Amazon and Google Take Another Stab at Being Glean
It’s been nearly a year since we scooped the news that OpenAI, Google, Snowflake and Cohere were all working on artificial intelligence search products similar to the one startup Glean made a big splash with. Glean’s AI-powered search lets workers at companies easily find emails, Slack messages and other data scattered across business applications. As we said at the time, it seemed like everyone was trying to be like Glean.
Well, guess what? Everyone is still trying to be like Glean! That’s our takeaway from AI product announcements Amazon and Google made today, revealing that both tech giants have sprinkled some new AI features into their existing enterprise software products. Now they are bundling their enterprise search products with new AI features and pitching them as a way for businesses to equip all of their employees with AI.
Amazon’s new offering, Quick Suite, fuses its business-focused chatbot, Q for Business, with a product customers use to analyze corporate data with charts and graphs. Google’s new Gemini Enterprise offering includes Agentspace, the Glean clone it announced last December and launched to all customers in July. Both offerings include some new AI features and connections to more third-party applications, but these are essentially rebrandings.
What’s really happening here is that Amazon and Google are trying to chip away at the perception that it’s hard for big companies to get value from AI. By making AI sound easy to use and turning that messaging into a mantra, they hope to get a foothold with nontechnical employees in companies. That in turn could generate the kind of self-perpetuating buzz that initially helped fuel Glean’s rise.
Of course, a few months after Glean launched its first agent-building service last year, Salesforce’s Slack unit limited the service’s ability to search users’ Slack messages. That raises questions about Glean’s long-term growth prospects. It's doubtful Salesforce would take similar steps to block Amazon’s and Google’s access, though, since it has long-term agreements to rent cloud servers from both those companies.
OpenAI’s European Complaints
We’d love to hear how Google and Amazon respond to this one.

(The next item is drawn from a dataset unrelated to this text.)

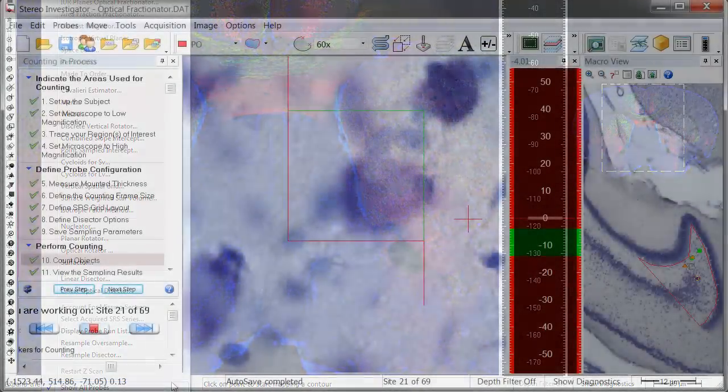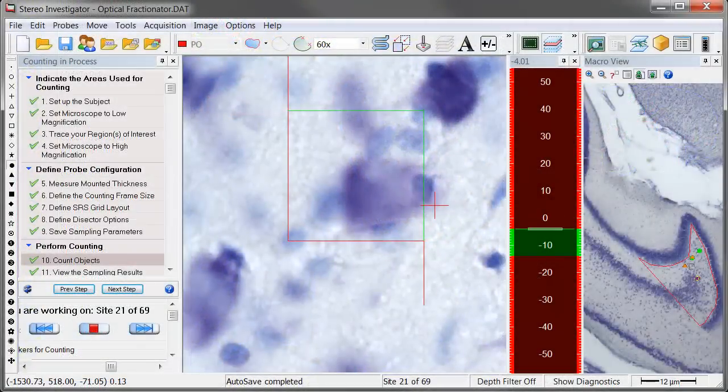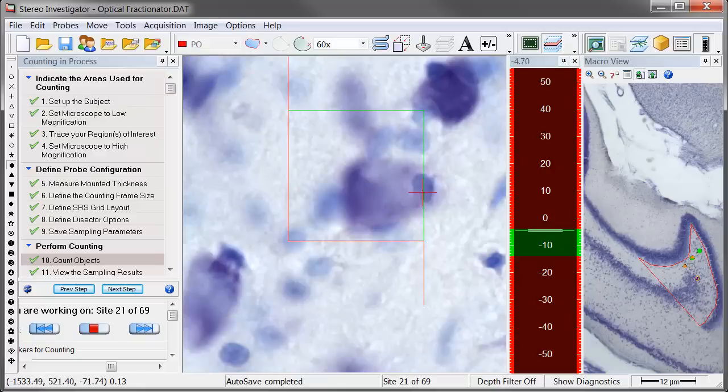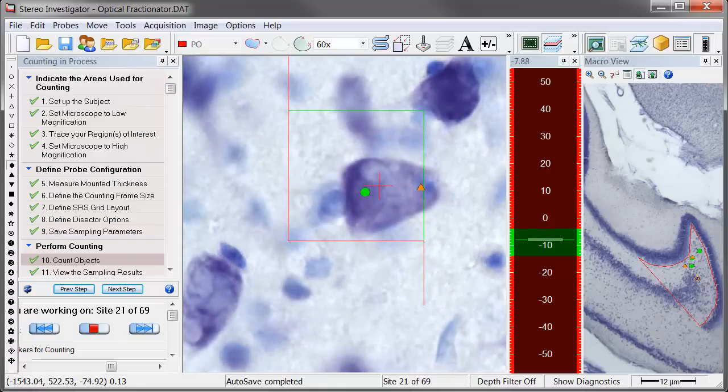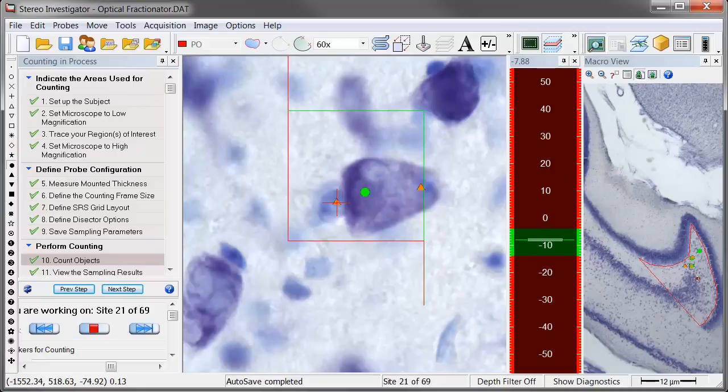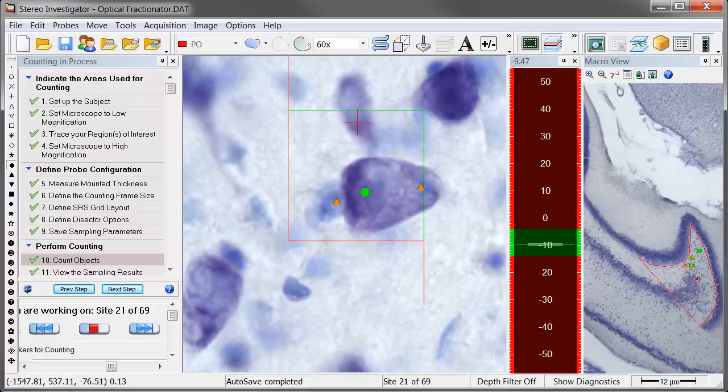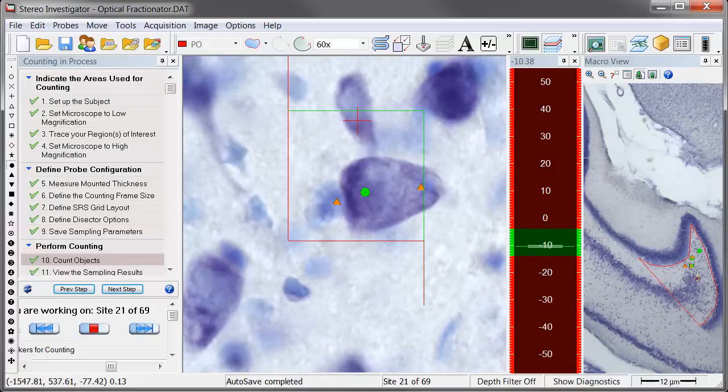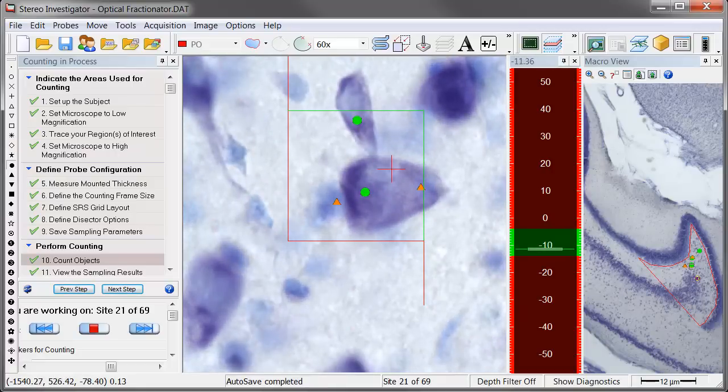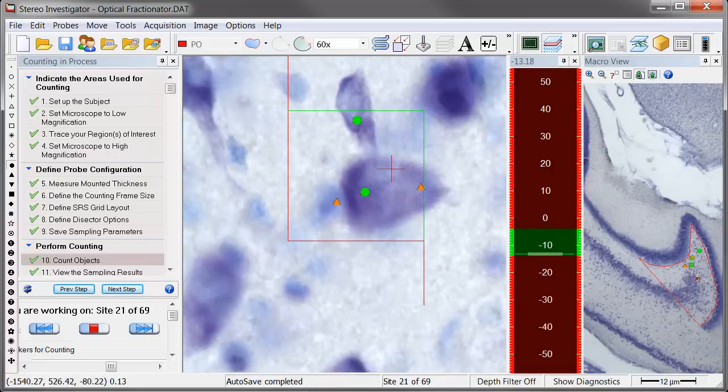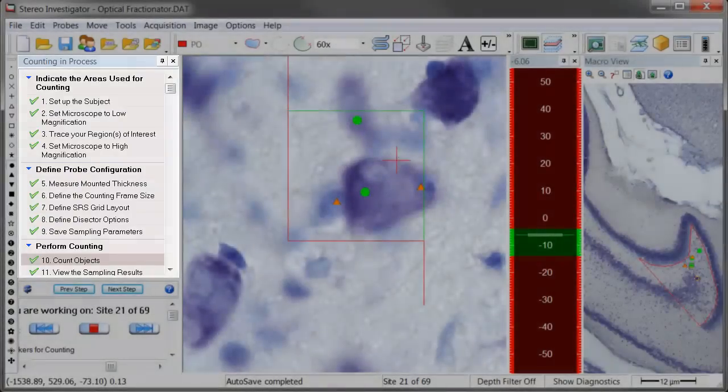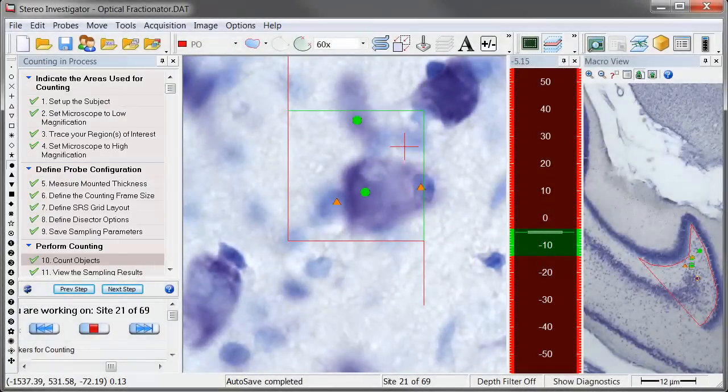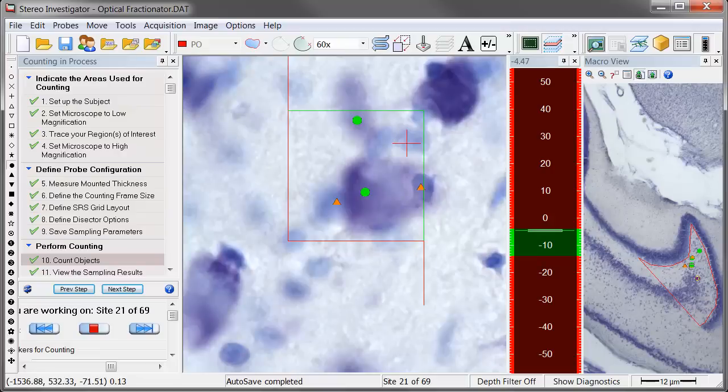We'll start with the optical fractionator. The optical fractionator is a stereological probe used to estimate the number of objects in any three-dimensional region, regardless of the object's size, shape, or orientation.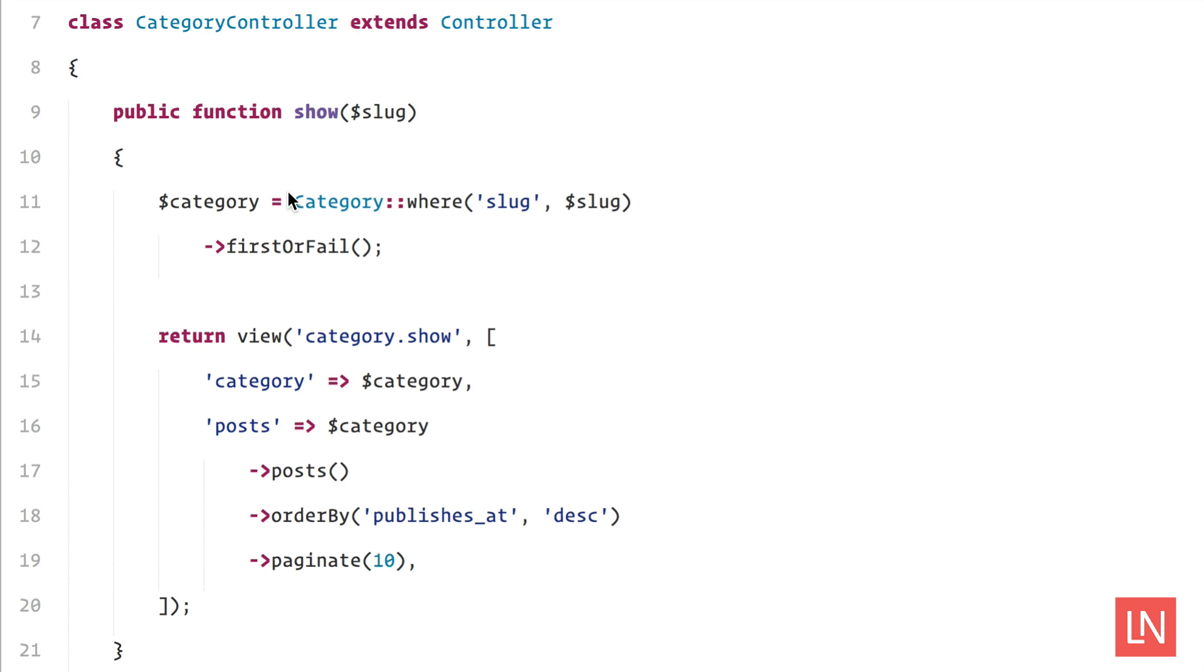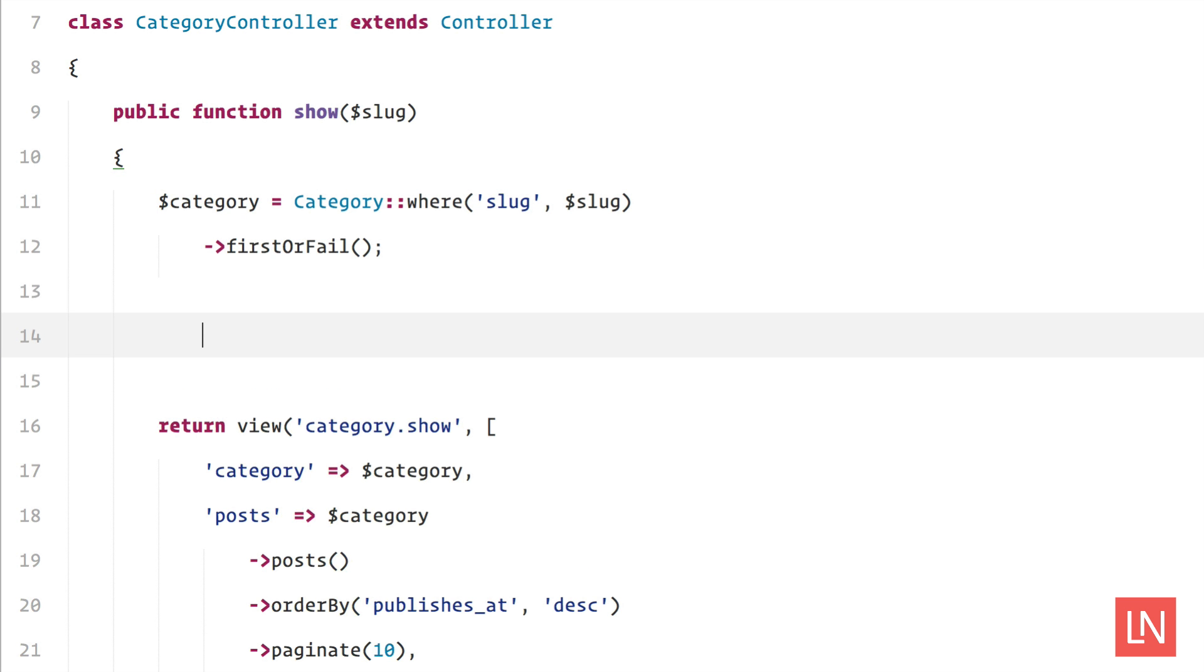If you're not familiar with a slug, that would be like in your URL, something like site.com/category/news, so the news would be your slug, or maybe tutorials, something like that.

OpenAI has complained to Europe’s antitrust chief, Teresa Ribera, that it is having “difficulties” competing with big tech firms, Bloomberg reported.
OpenAI, creator of ChatGPT—which as we know is far and away the dominant AI chatbot—wants the regulator to do something to stop “lock-in of customers by large platforms,” according to Bloomberg’s report.
That’s rich, given how successful ChatGPT has been. It’s a little hard to see that competition from its slower-moving rivals has hurt it, at least so far.
If any company is a threat, it’s Google, which even OpenAI CEO Sam Altman acknowledges seems to have its act together. Altman told Stratechery columnist Ben Thompson this week, “Google’s doing incredible work right now, but clearly they didn’t in that first period of time where ChatGPT got to market.” We’ll await regulators’ responses with bated breath.